Capitol Alert

Alex Padilla unveils California voting overhaul bill

California Secretary of State Alex Padilla (center) announces a new bill he says will improve voter participation. He’s joined by, from left to right: Assemblywoman Lorena Gonzalez, Assemblyman Kevin McCarty, Sen. Ben Allen, and Assemblyman Sebastian Ridley-Thomas in Sacramento on Wednesday, June 10, 2015.
California Secretary of State Alex Padilla (center) announces a new bill he says will improve voter participation. He’s joined by, from left to right: Assemblywoman Lorena Gonzalez, Assemblyman Kevin McCarty, Sen. Ben Allen, and Assemblyman Sebastian Ridley-Thomas in Sacramento on Wednesday, June 10, 2015. The Sacramento Bee

Every California voter would be mailed a ballot that they could drop off at a new network of early voting centers under an ambitious election overhaul bill Secretary of State Alex Padilla announced on Wednesday.

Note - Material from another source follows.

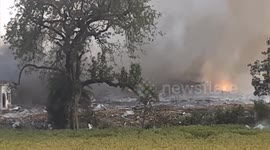 Officials and locals inspect damage after firecracker factory explosion kills 11 in India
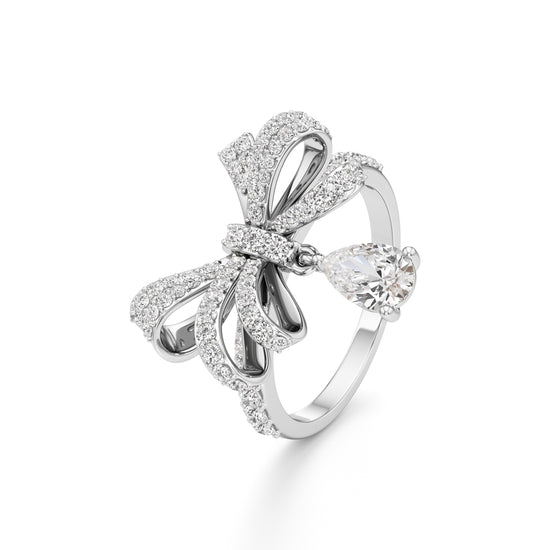 Dazzling Diamond Bow Ring with Dangling Pear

Policymakers have been searching for ways to lift California’s low voter turnout rate, with the last election setting new records for non-engagement. Padilla ran on a platform of boosting turnout, which on Wednesday he called “a problem that cannot be ignored.”

Modeled on Colorado’s innovative election system, which Padilla made a recent journey to observe, Senate Bill 450 would have county election officials mail ballots to every registered voter (Padilla has a separate bill to register millions of registered Californians who pass through the Department of Motor Vehicles). Voters could then mail them in or drop them off at new kiosks that Padilla said would ideally be open beginning 10 days before elections, eight hours a day.

Padilla and lawmakers argued that the current system of having citizens set aside time to wait in line on Election Day has become outdated. Sen. Ben Allen, who is carrying the bill, noted that more voters mailed their ballots than not in the previous election, which he called evidence that “the current model, with this one day of voting” is “just not working. It’s not maximizing voter participation.”

“We’ll probably never see another election in California where more voters go to the polls than vote by mail,” said Allen, D-Santa Monica. “This is about expanding options and convenience for voters.”

Counties would still need to agree to institute the new system. Local election officials have balked in the past at the price tag of new election projects. But Padilla argued that since many counties will soon need to replace obsolete election equipment regardless, SB 450 would offer an opportunity to rethink how they conduct elections.

“If we’re going to all be buying new systems,” said Padilla, “should we buy a brand new iPhone 2, or do we embrace technology that exists to invest in systems that have much more functionality, convenience and flexibility for voters?”